Обсуждение: Why can't I select un-grouped columns when grouping by a (non-primary) unique key?

Поиск
Список
Период
Сортировка

Why can't I select un-grouped columns when grouping by a (non-primary) unique key?

От
Daniel Lenski
Дата:
If I include the primary key of a table in my GROUP BY clause, PG 9.3 allows me to refer to other columns of that table without explicit GROUP BY:

    CREATE TABLE A (id SERIAL PRIMARY KEY, name TEXT UNIQUE NOT NULL, document JSON);

    -- this works fine
    SELECT A.document
    FROM A
    GROUP BY A.primary_key

Why doesn't the same thing work with a non-NULL unique constraint?

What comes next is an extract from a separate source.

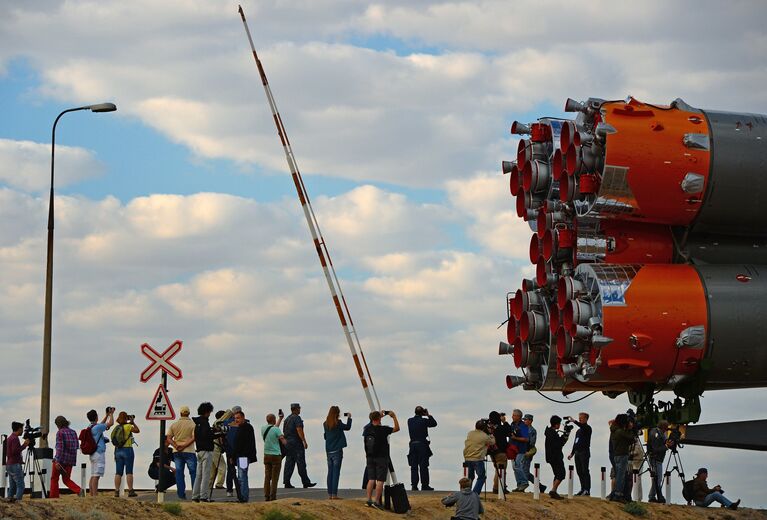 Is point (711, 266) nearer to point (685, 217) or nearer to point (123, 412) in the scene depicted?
point (685, 217)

    -- ERROR: column "A.document" must appear in the GROUP BY clause or be used in an aggregate function
    SELECT A.document
    FROM A
    GROUP BY A.name

I got thinking about this distinction because I wrote some very ugly SQL in a few cases, to get around the lack of JSON comparison operators in PG 9.3, before I discovered that it would work if I used the PRIMARY KEY instead:

    -- this works but it's ugly
    SELECT A.document::text::json
    FROM table
    GROUP BY A.non_null_unique_key, A.document::text

The manual refers to this situation (http://www.postgresql.org/docs/9.3/static/sql-select.html#SQL-GROUPBY), but I don't understand whether there's a specific reason to distinguish primary keys from non-NULL unique constraints.

Thanks,
Dan Lenski

Re: Why can't I select un-grouped columns when grouping by a (non-primary) unique key?

От
Alberto Cabello Sánchez
Дата:
On Wed, 24 Sep 2014 09:04:21 -0700
Daniel Lenski <dlenski@gmail.com> wrote:

> If I include the primary key of a table in my GROUP BY clause, PG 9.3
> allows me to refer to other columns of that table without explicit GROUP BY:
>
> Why doesn't the same thing work with a non-NULL unique constraint?

At first sight, primary key means no grouping at all, as there are no
duplicated A.primary_key values:

  SELECT A.document
    FROM A
    GROUP BY A.primary_key

is the same as

  SELECT A.document
    FROM A


--
Alberto Cabello Sánchez
<alberto@unex.es>


Re: Why can't I select un-grouped columns when grouping by a (non-primary) unique key?

От
Geoff Montee
Дата:


On Wed, Sep 24, 2014 at 1:37 PM, Alberto Cabello Sánchez <alberto@unex.es> wrote:
>
> On Wed, 24 Sep 2014 09:04:21 -0700
> Daniel Lenski <dlenski@gmail.com> wrote:
>
> > If I include the primary key of a table in my GROUP BY clause, PG 9.3
> > allows me to refer to other columns of that table without explicit GROUP BY:
> >
> > Why doesn't the same thing work with a non-NULL unique constraint?
>
> At first sight, primary key means no grouping at all, as there are no
> duplicated A.primary_key values:
>
>   SELECT A.document
>     FROM A
>     GROUP BY A.primary_key
>
> is the same as
>
>   SELECT A.document
>     FROM A

I believe this blog post contains better examples of the feature he's referring to:

http://www.depesz.com/2010/08/08/waiting-for-9-1-recognize-functional-dependency-on-primary-keys/

For example:

SELECT
    p.id,
    p.firstname,
    p.lastname,
    count(*)
FROM
    people p
    JOIN visits v on p.id = v.person_id
GROUP BY p.id;


Geoff

Re: Why can't I select un-grouped columns when grouping by a (non-primary) unique key?

От
Daniel Lenski
Дата:
On Wed, Sep 24, 2014 at 10:46 AM, Geoff Montee <geoff.montee@gmail.com> wrote:
>
> I believe this blog post contains better examples of the feature he's
> referring to:
>
> http://www.depesz.com/2010/08/08/waiting-for-9-1-recognize-functional-dependency-on-primary-keys/
>
> For example:
>
> SELECT
>     p.id,
>     p.firstname,
>     p.lastname,
>     count(*)
> FROM
>     people p
>     JOIN visits v on p.id = v.person_id
> GROUP BY p.id;
>

Geoff, that's exactly the feature I'm referring to. I see that the
inclusion of UNIQUE NOT NULL constraints was recognized as a logical
next step when this feature was introduced.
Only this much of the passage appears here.